Transcribe exactly, leaving out pictures, the lines from the one that holds "Serene Current Quilted Table Topper" through the end of the data below, including both end lines and no others.

*Data to use*
▼

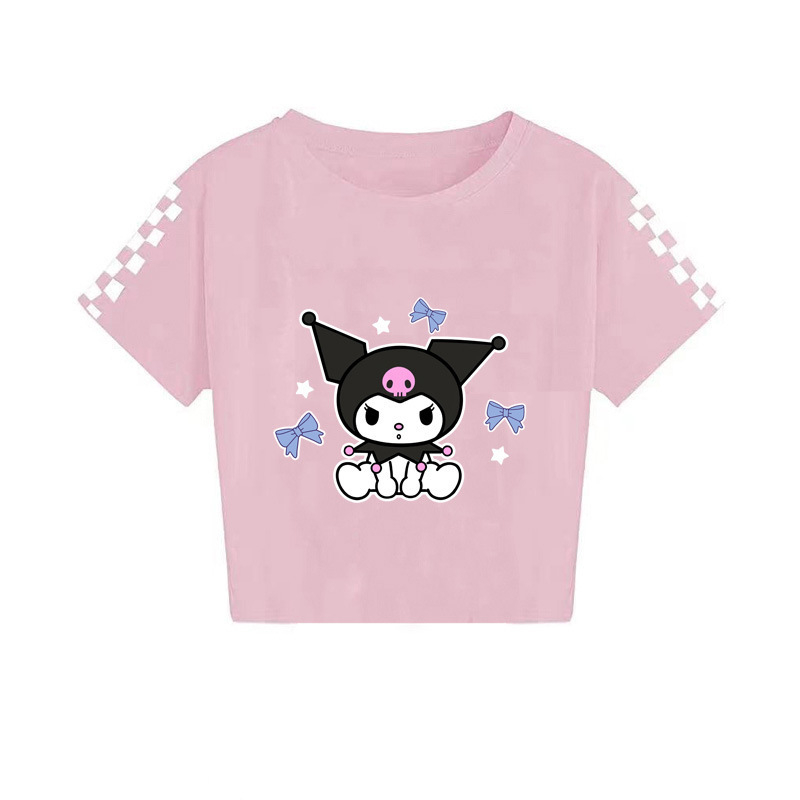 2024 Sanrio keskealiste poiste ja tüdrukute suvine trükitud vabaaja lühikeste varrukatega T-särk 7520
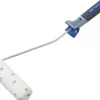 LUX-TOOLS LUX Lasurroller 12 cm Mikrofaser Braun-Getupft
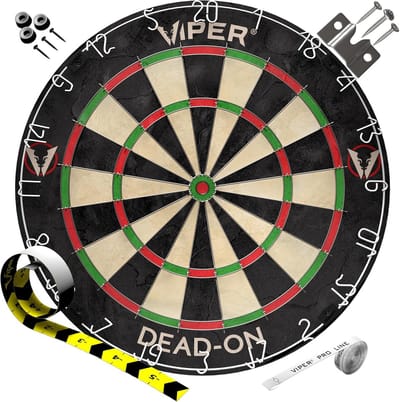 Professioneel Dartbord met Sisal en Stalen Punten voor Dartpijlen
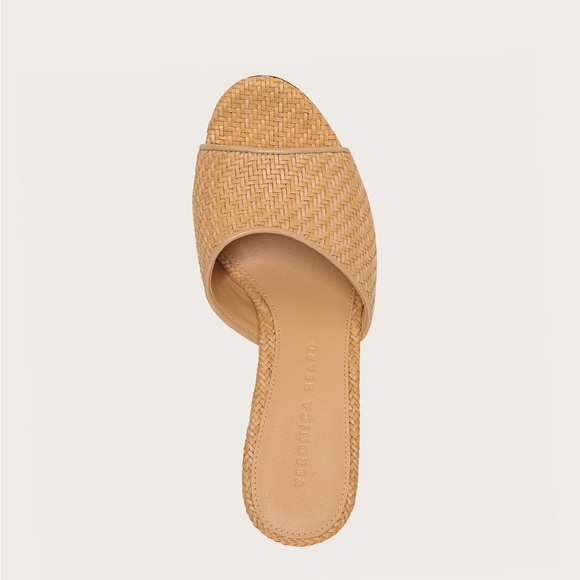 Veronica Beard Dali Raffia wedge sandal - Picture 3 of 12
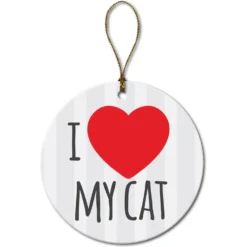 Custom Personalization Solutions I Love My Cat Personalized Christmas Tree Ornament 7 Custom Personalization Solutions I Love My Cat Personalized Christmas Tree Ornament -Pawsphoria Sales Store 686070 PT4. AC SS1800 V1668024631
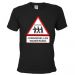 Schwarzes JGA T-Shirt mit Junggesellen Wanderung-Aufdruck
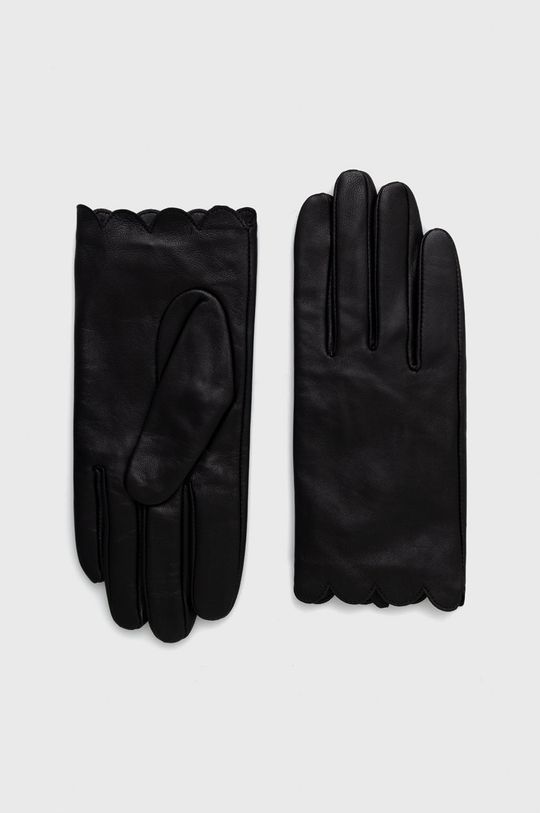 Шкіряні рукавички Medicine жіночі колір чорний (2791002)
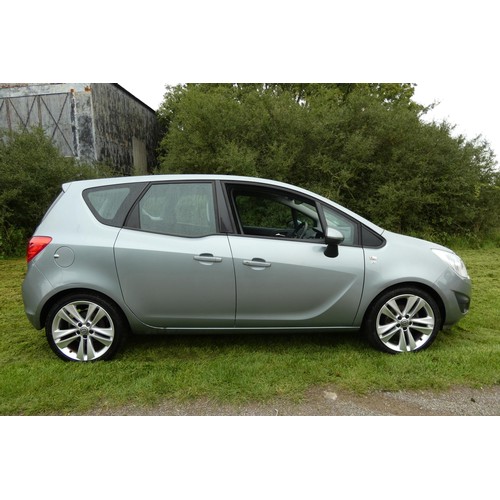 6245 - Vauxhall Meriva Excite MPV Silver, Reg WJ61 TFE, 21/11/2011, 5 spd manual petrol 1398cc, New MoT 24/... 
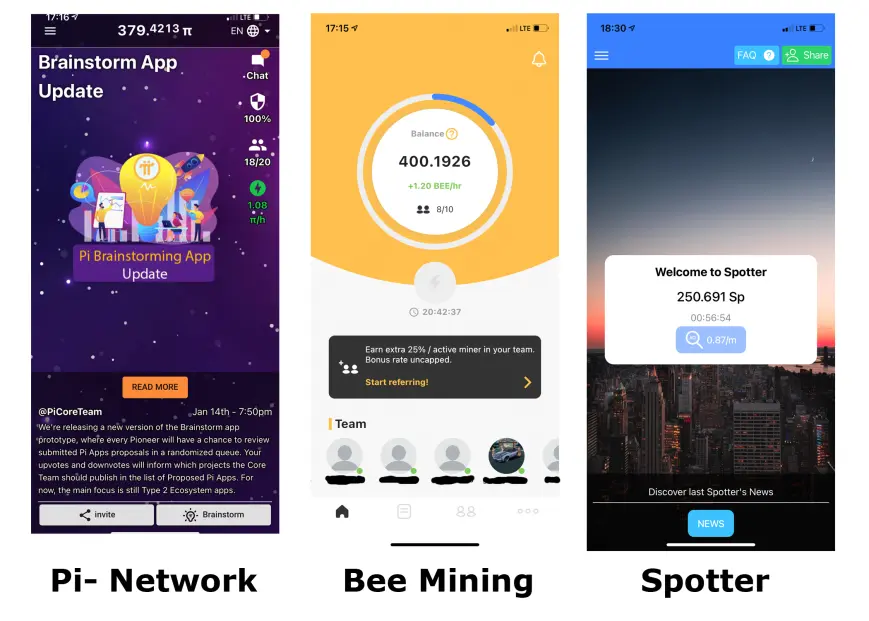 Three Free Mining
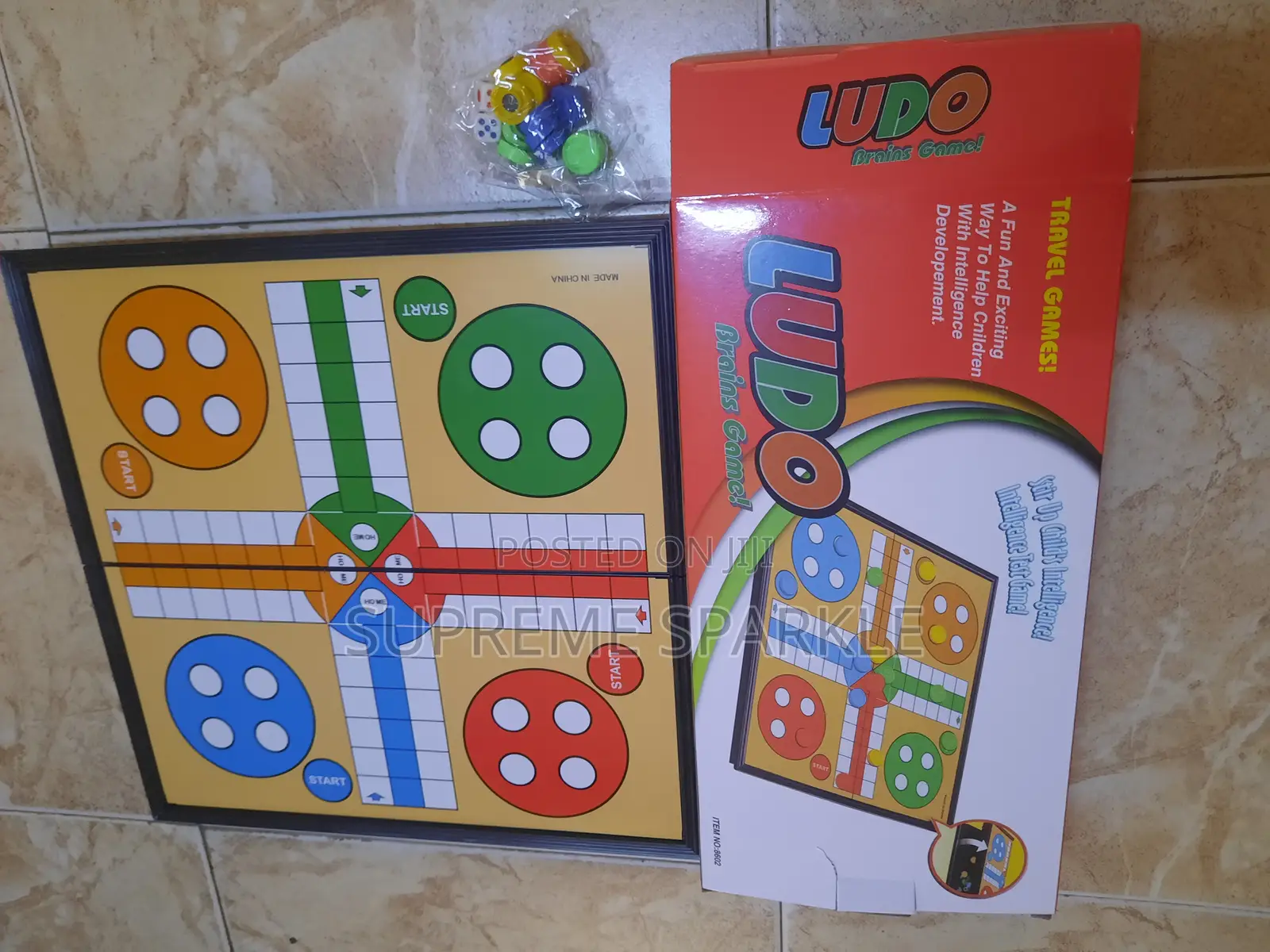 Magnetic Travel Ludo Board Game | Fun Kids' Intelligence Brains Game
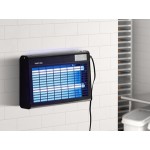 Lavex Zap N Trap Black Indoor Insect Light Trap with 2 Glue Boards and 1,500 sq. ft. Coverage - 120V, 30W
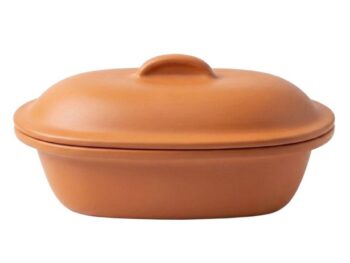PEKAČ / MODEL ZA PEKO 37X21 CM KERAMIČNI S POKROVOM PR001OT37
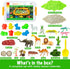 Playset Set 3 4 5 6 7 Carolart Jungle Sensory bin,Safari Animal Figures Toys,Wild Forest Sandbox,Desert Animals Play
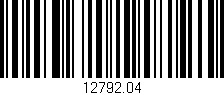 Código de barras (EAN, GTIN, SKU, ISBN): '12792.04'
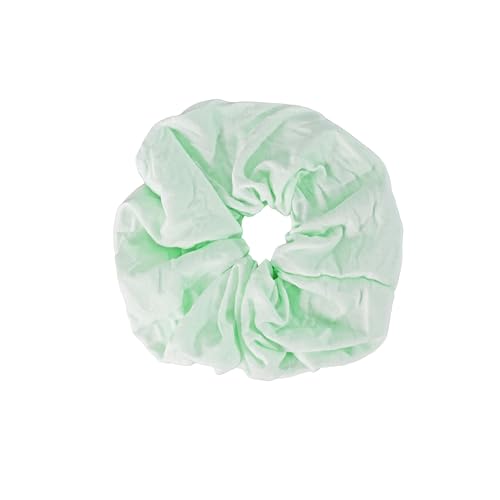 Jumbo Cotton Scrunchie Hair Tie (Pale Green)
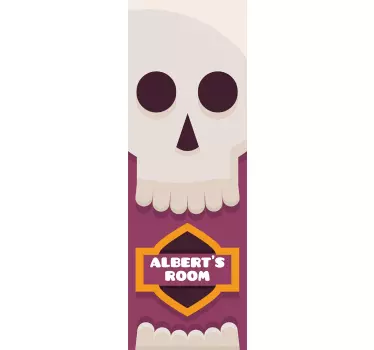 Türenaufkleber Totenkopf personalisierbar - TenStickers
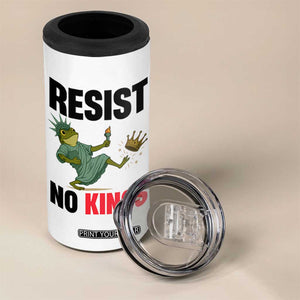 Resist Frog 4 in 1 Can Cooler Tumbler No Kings In America Political 2025 TS14 Print Your Wear
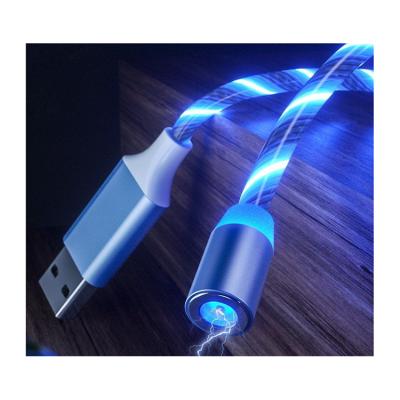 China MP3/MP4 Player Accessories LED Input Light USB Cable 3 Into 1 Magnetic Charger Cable 1M Cable For iPhone 12 for sale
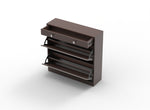 ZUN Mirror Shoe Cabinet with 2 Tier Drawers, Mirror Shoe Rack With 1 Drawer Storage, Mirror Shoe W760P206336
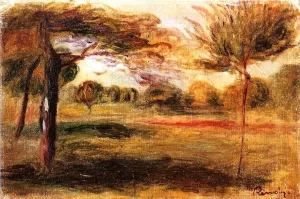Landscape 28 by Pierre-Auguste Renoir - Oil Painting Reproduction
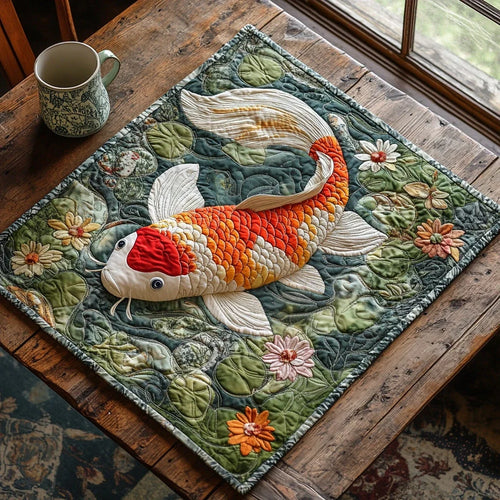 Serene Current Quilted Table Topper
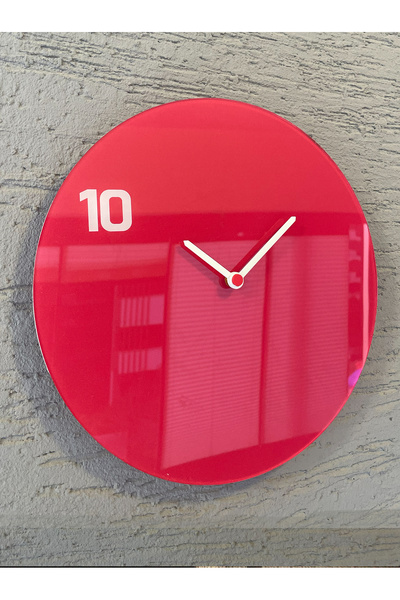 Keneth M I L a N O Red Wall Clock |   Modern Wall Clock with Silent Mechanism...
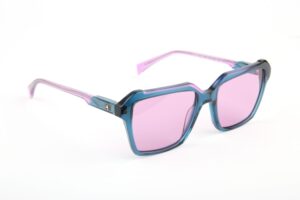 Ana Hickmann Sonnenbrille HI9259 53P04 in Grün – 45° Seitenansicht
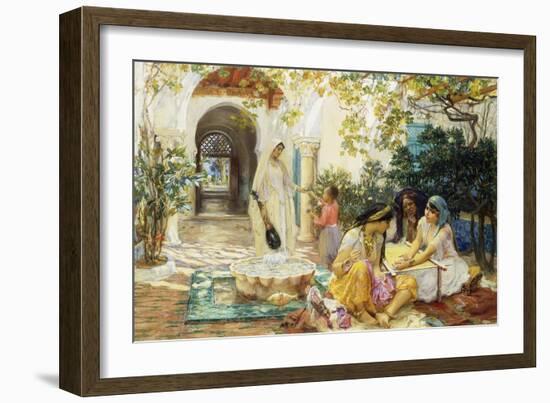 In a Village at El Biar, Algiers-Frederick Arthur Bridgman-Framed Giclee Print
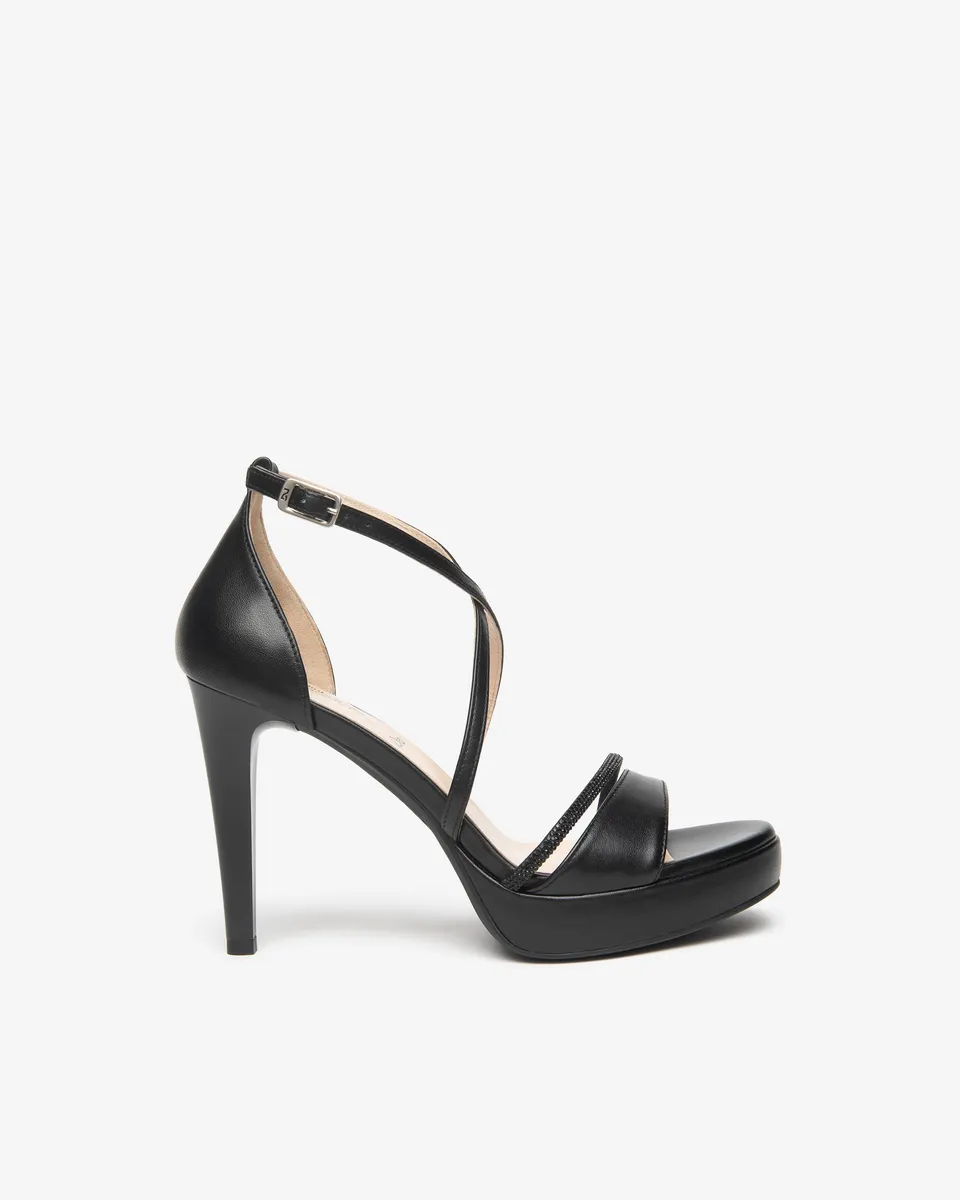 NeroGiardini Sandales Femme Cuir Premium Cérémonie 35-41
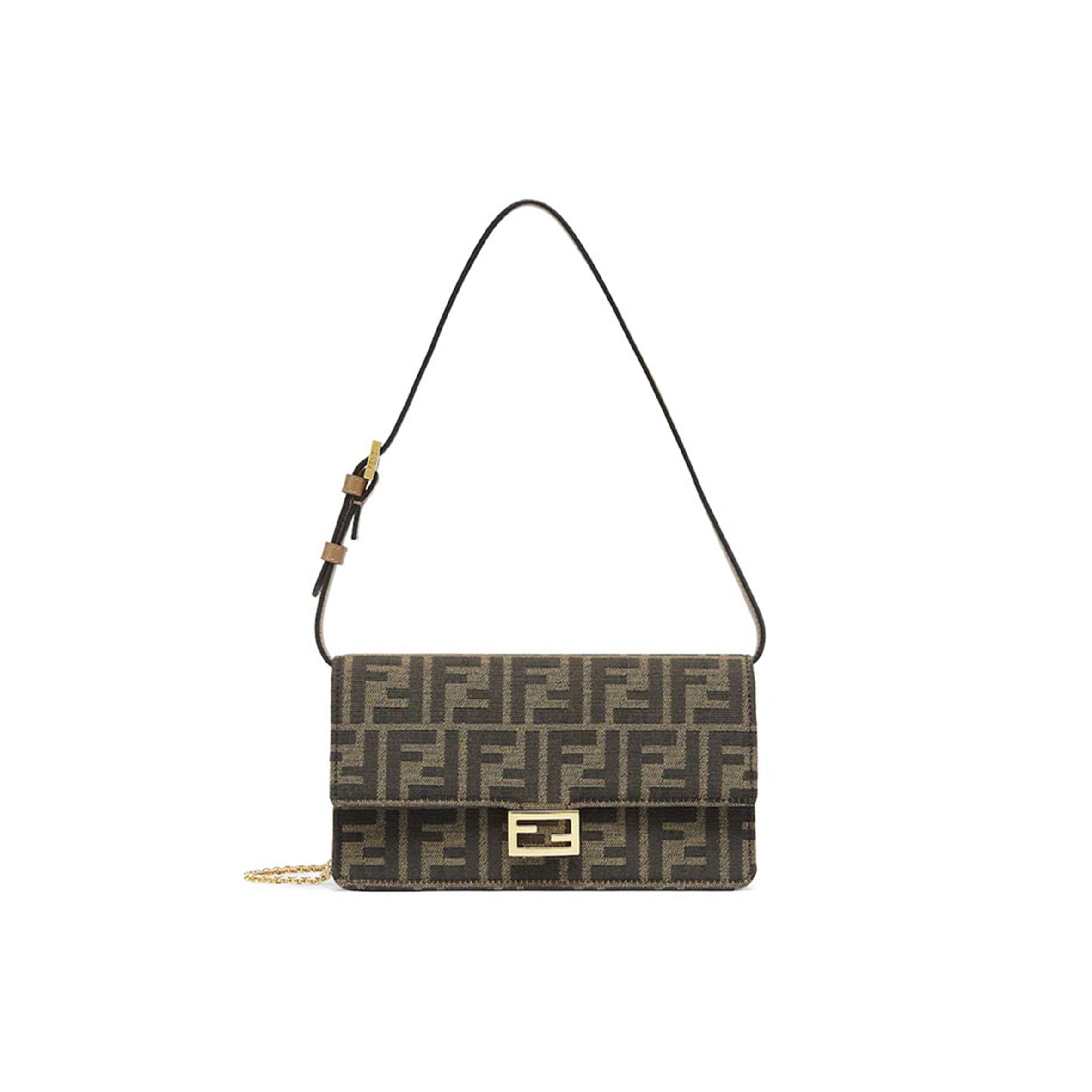 F**di WALLET ON CHAIN BAGUETTE 8M0498A98PF0A6E (21*11.5*5cm) Master Quality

▲

*Written answer*
 Serene Current Quilted Table Topper
 Keneth M I L a N O Red Wall Clock |   Modern Wall Clock with Silent Mechanism...
 Ana Hickmann Sonnenbrille HI9259 53P04 in Grün – 45° Seitenansicht
 In a Village at El Biar, Algiers-Frederick Arthur Bridgman-Framed Giclee Print
 NeroGiardini Sandales Femme Cuir Premium Cérémonie 35-41
 F**di WALLET ON CHAIN BAGUETTE 8M0498A98PF0A6E (21*11.5*5cm) Master Quality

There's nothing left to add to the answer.